Cafcass had instituted an investigation in response to a complaint by the Claimant, which had referred to the absence of a safeguarding assessment before the court hearing and suggested a lack of due dilligence. Judge Bidder disagreed with this conclusion. He was not clear what additional information would have been available to the court which would have materially altered the situation at the February hearing had a safeguarding assessment been carried out before the initial court hearing. It seemed improbable, particularly given the great strain Cafcass was under in relation to managing resources in and around 2009 that any report would have been prepared for the court prior to the February hearing.
It was the support worker’s role to adjudicate between the parties' conflicting accounts. The order that was made by the judge by consent was what was required by the law. Judge Bidder could find no negligent conduct by the support worker in relation to the preparation for and participation in the hearing of the 3rd February 2009.
The Claimant had also said that had the Cafcass complaint procedure moved along quicker, the result of the next hearing before the judge would have turned out better. His view was that the complaint proceedings and their slow progress were absolutely irrelevant to what was happening in the courts.
The Claimant had gone on to the third stage of the Cafcass’ complaints procedure, which had produced a report from an adjudicator and offering him £1000 by redress. He had only been sent a partial version of the result of the complaints procedure. Judge Bidder said that the failure to give him the full report and the sending of a letter which did not clearly indicate that it contained only extracts from the report undoubtedly were misleading to him, constituted serious maladministration by Cafcass, on top of the truly dreadful delays in the complaints process, added to his unhappiness and was extremely reprehensible. However he was quite clear that that maladministration did not result in his being able to claim any damages in this action.
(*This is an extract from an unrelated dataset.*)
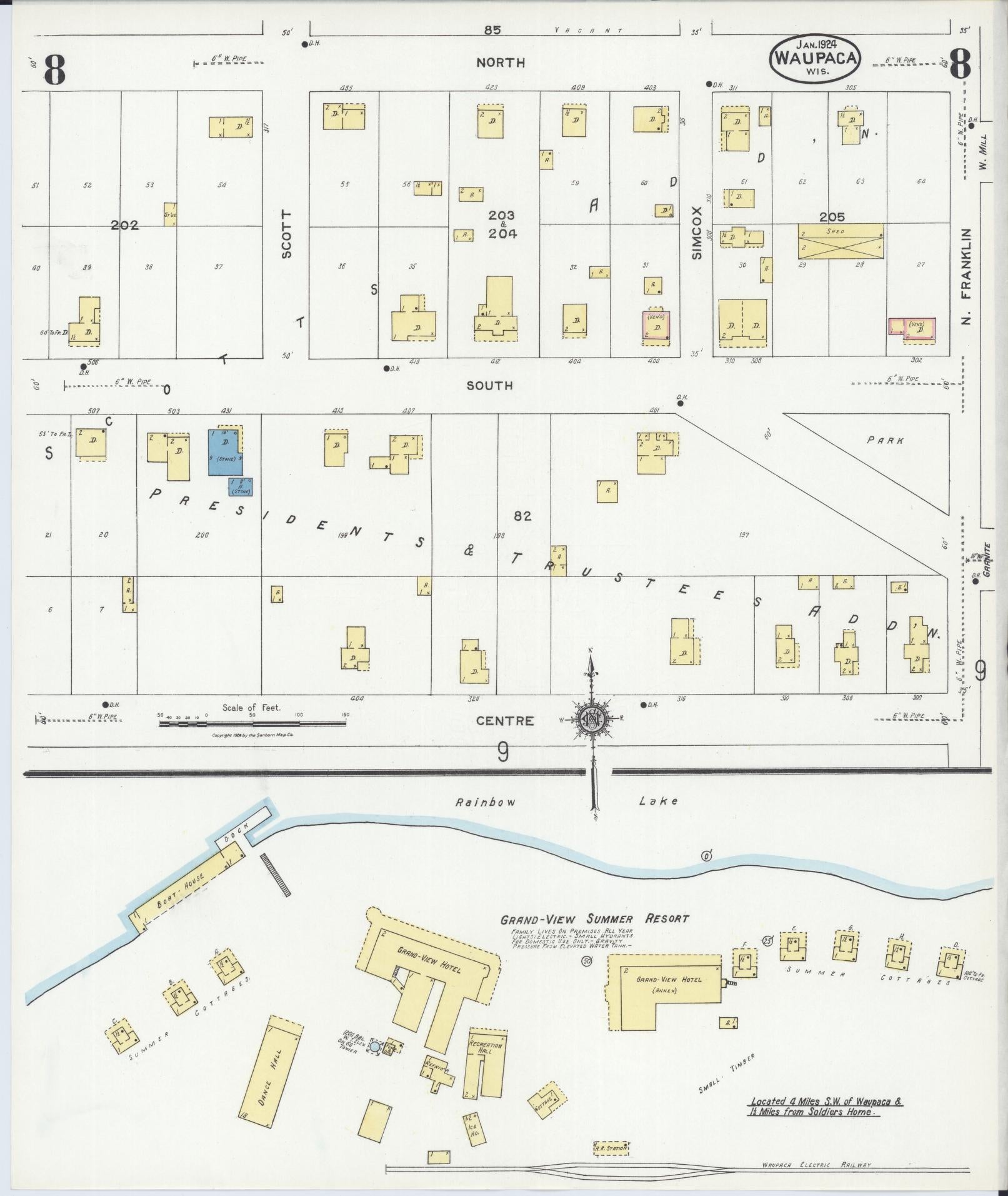 Sanborn Fire Insurance Map from Waupaca, Waupaca County, Wisconsin (1924), Sheet #0008 - Historic Sanborn Fire Insurance Map Print, vintage old map wall art, antique decor, genealogy gift, Wisconsin Wisconsin map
Judge Bidder now looked at the law. The Children and Family Court Advisory and Support Service or Cafcass was established as a body corporate by section 11 of the Criminal Justice and Court Services Act 2000. The public duties imposed on the service by the 2000 Act were child centred but also specifically imposed a duty to advise the court. There was also a duty to provide information, advice and other support for the families of children. Judge Bidder referred to the case of R (R and others (Minors)) v CAFCASS [2012] EWCA Civ 853  where the Court of Appeal held that section 12 (1) (c) (2) of the 2000 Act imposed a general public law duty on the service to ensure children were represented in care proceedings but did not impose a specific duty either to ensure a specific child was represented or to ensure representation was achieved within a particular timescale. It followed from that that in relation to the more limited duties imposed on the service in relation to the families of children, there could be no public duty owed by the service to an individual father of a child in proceedings where the service was involved.
The Claimant contended that the service did, however, owe him a common law duty of care, breach of which entitled him to claim damages against the service. Judge Bidder referred to the following cases:-
  • Caparo Industries PLC v Dickman and others [1990] 2 AC 605
  • JD v East Berks and others [2003] EWCA Civ 1151
  • D v East Berkshire Community Health Trust NHS Trust and others [2005] 2 AC 373
The duty imposed on Cafcass to safeguard and promote the welfare of the Claimant’s child and, intrinsically tied up with that duty, its duty to give advice to the court was potentially in conflict with its duty to give advice, information and other support to the parents of the child and to the Claimant in particular. There was, in this case, no community of interest between the parents and the child, as there was in Merthyr Tydfil CBC v C [2010] EWHC 62 (QB).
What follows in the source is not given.